[Web page caption snippets]
***

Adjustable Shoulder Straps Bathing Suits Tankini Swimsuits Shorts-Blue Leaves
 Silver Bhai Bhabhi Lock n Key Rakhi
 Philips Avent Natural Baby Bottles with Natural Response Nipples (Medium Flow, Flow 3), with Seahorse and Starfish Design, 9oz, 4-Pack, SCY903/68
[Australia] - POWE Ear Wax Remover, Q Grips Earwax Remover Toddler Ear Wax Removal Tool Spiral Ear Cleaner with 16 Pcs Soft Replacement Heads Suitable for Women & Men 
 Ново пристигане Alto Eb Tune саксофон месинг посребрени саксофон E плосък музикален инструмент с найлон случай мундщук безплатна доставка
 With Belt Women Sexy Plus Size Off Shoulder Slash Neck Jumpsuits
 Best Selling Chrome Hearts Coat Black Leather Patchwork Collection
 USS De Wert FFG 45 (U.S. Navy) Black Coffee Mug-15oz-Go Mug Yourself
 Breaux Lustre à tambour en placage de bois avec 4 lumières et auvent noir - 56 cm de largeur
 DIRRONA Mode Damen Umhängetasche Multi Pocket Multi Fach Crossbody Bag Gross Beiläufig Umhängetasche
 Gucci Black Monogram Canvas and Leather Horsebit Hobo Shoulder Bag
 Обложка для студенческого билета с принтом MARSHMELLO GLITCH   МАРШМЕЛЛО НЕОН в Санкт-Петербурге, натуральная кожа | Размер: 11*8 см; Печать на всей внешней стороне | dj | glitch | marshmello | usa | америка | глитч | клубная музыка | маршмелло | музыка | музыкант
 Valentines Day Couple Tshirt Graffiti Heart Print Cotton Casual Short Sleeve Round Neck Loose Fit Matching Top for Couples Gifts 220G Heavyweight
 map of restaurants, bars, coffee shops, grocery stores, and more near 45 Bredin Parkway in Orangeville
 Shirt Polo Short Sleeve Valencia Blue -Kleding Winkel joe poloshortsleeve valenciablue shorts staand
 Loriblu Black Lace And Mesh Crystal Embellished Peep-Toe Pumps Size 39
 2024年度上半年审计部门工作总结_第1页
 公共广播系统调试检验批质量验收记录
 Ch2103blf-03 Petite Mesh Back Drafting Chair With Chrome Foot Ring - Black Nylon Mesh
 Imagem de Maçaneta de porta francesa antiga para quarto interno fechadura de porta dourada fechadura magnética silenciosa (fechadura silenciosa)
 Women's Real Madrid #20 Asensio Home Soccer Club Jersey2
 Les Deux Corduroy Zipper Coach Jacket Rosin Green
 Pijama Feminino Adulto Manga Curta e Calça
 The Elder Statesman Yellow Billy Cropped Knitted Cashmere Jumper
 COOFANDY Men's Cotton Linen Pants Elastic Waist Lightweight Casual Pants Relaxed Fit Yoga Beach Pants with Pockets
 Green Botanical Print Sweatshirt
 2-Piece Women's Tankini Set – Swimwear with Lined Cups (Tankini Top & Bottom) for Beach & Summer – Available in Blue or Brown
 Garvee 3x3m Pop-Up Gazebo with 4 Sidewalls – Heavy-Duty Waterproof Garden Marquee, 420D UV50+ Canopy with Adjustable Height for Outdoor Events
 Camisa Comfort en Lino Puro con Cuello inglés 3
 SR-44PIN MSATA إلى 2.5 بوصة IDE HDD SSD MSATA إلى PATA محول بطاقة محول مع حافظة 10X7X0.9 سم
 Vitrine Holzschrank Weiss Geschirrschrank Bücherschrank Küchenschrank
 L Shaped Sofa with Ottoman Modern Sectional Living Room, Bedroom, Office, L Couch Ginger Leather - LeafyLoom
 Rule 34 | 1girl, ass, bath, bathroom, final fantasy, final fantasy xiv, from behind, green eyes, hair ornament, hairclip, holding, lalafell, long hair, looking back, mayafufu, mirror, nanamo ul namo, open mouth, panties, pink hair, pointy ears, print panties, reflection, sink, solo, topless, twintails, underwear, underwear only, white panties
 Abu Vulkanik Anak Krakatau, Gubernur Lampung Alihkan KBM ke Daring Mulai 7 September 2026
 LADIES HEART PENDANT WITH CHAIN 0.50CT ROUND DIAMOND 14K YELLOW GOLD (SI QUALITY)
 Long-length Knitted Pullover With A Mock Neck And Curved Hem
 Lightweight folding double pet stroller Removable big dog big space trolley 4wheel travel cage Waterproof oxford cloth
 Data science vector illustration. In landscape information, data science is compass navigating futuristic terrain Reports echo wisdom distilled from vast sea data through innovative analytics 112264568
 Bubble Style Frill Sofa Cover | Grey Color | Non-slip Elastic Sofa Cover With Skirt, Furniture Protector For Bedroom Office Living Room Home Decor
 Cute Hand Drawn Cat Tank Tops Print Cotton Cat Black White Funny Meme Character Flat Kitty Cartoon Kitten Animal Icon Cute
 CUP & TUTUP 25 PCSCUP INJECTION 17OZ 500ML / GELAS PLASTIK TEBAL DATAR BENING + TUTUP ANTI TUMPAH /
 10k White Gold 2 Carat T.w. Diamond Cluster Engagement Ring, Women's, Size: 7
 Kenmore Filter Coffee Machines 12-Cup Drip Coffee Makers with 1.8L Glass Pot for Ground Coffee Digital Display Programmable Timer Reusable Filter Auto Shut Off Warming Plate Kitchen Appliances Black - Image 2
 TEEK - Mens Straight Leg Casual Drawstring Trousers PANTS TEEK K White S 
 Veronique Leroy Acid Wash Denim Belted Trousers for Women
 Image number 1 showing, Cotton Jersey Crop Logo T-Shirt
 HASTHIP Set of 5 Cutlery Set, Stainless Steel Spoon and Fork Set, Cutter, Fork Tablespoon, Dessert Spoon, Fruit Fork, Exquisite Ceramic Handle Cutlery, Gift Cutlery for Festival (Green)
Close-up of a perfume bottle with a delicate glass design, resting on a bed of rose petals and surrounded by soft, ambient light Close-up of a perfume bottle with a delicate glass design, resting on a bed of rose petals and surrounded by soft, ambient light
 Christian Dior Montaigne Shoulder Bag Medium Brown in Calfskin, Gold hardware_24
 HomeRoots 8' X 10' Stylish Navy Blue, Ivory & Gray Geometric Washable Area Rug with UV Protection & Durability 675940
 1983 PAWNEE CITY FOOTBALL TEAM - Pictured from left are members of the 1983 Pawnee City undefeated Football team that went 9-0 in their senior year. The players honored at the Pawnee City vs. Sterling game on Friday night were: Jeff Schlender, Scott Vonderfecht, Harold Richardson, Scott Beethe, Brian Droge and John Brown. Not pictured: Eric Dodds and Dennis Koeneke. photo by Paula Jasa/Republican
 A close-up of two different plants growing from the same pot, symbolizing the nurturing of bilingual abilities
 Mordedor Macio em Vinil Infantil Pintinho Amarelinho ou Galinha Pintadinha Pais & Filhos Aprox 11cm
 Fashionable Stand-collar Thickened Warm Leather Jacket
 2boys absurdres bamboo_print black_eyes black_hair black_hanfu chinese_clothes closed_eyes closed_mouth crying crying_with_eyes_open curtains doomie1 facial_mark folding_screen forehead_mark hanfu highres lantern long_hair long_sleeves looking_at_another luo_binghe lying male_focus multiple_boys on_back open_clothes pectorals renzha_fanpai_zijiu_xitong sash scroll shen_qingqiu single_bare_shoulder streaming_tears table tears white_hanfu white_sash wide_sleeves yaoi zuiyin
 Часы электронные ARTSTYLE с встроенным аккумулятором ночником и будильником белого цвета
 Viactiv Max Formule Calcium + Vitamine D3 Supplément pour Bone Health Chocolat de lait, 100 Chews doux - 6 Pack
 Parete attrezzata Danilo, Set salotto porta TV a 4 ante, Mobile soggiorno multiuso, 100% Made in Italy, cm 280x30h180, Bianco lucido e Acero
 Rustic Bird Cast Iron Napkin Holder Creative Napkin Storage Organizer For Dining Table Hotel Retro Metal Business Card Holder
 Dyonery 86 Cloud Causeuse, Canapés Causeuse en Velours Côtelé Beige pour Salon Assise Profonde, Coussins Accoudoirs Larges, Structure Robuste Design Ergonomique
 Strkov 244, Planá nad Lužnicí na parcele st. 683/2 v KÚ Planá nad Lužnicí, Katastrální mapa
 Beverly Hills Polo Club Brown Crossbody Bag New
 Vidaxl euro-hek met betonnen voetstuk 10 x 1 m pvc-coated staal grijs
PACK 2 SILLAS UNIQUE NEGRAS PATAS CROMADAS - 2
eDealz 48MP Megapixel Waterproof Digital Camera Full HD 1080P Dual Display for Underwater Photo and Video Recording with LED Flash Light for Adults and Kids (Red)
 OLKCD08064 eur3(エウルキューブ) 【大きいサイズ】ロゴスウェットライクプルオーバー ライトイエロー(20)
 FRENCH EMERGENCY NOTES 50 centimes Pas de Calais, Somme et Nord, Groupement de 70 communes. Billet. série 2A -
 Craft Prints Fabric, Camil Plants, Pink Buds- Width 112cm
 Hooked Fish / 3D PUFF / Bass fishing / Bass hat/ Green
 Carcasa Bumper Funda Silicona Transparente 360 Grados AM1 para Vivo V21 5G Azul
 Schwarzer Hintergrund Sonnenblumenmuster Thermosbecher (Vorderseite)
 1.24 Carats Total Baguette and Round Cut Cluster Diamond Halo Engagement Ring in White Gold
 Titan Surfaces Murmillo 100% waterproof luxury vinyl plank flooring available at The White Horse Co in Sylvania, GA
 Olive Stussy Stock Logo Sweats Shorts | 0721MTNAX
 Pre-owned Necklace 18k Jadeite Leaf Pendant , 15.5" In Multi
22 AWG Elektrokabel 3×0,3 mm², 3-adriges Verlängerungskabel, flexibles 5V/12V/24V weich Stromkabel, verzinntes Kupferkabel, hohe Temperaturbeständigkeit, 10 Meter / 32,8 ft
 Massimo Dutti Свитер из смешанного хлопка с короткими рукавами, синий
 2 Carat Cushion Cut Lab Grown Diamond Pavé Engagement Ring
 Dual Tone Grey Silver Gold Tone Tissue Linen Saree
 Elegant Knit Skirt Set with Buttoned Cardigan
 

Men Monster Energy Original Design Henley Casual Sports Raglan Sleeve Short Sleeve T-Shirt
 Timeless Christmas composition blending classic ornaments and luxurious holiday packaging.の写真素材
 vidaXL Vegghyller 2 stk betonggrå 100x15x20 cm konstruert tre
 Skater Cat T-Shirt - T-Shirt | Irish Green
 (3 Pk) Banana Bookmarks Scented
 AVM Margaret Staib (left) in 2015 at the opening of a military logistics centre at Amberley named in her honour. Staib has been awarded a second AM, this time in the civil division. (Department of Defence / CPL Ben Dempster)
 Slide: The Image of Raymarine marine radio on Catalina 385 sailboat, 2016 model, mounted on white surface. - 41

***

▶ _Task to carry out_:
Could you write out exactly the lines above, starting at the first one and ending with the line that has "Gucci Black Monogram"?

▶ _Written solution_:
Adjustable Shoulder Straps Bathing Suits Tankini Swimsuits Shorts-Blue Leaves
 Silver Bhai Bhabhi Lock n Key Rakhi
 Philips Avent Natural Baby Bottles with Natural Response Nipples (Medium Flow, Flow 3), with Seahorse and Starfish Design, 9oz, 4-Pack, SCY903/68
[Australia] - POWE Ear Wax Remover, Q Grips Earwax Remover Toddler Ear Wax Removal Tool Spiral Ear Cleaner with 16 Pcs Soft Replacement Heads Suitable for Women & Men 
 Ново пристигане Alto Eb Tune саксофон месинг посребрени саксофон E плосък музикален инструмент с найлон случай мундщук безплатна доставка
 With Belt Women Sexy Plus Size Off Shoulder Slash Neck Jumpsuits
 Best Selling Chrome Hearts Coat Black Leather Patchwork Collection
 USS De Wert FFG 45 (U.S. Navy) Black Coffee Mug-15oz-Go Mug Yourself
 Breaux Lustre à tambour en placage de bois avec 4 lumières et auvent noir - 56 cm de largeur
 DIRRONA Mode Damen Umhängetasche Multi Pocket Multi Fach Crossbody Bag Gross Beiläufig Umhängetasche
 Gucci Black Monogram Canvas and Leather Horsebit Hobo Shoulder Bag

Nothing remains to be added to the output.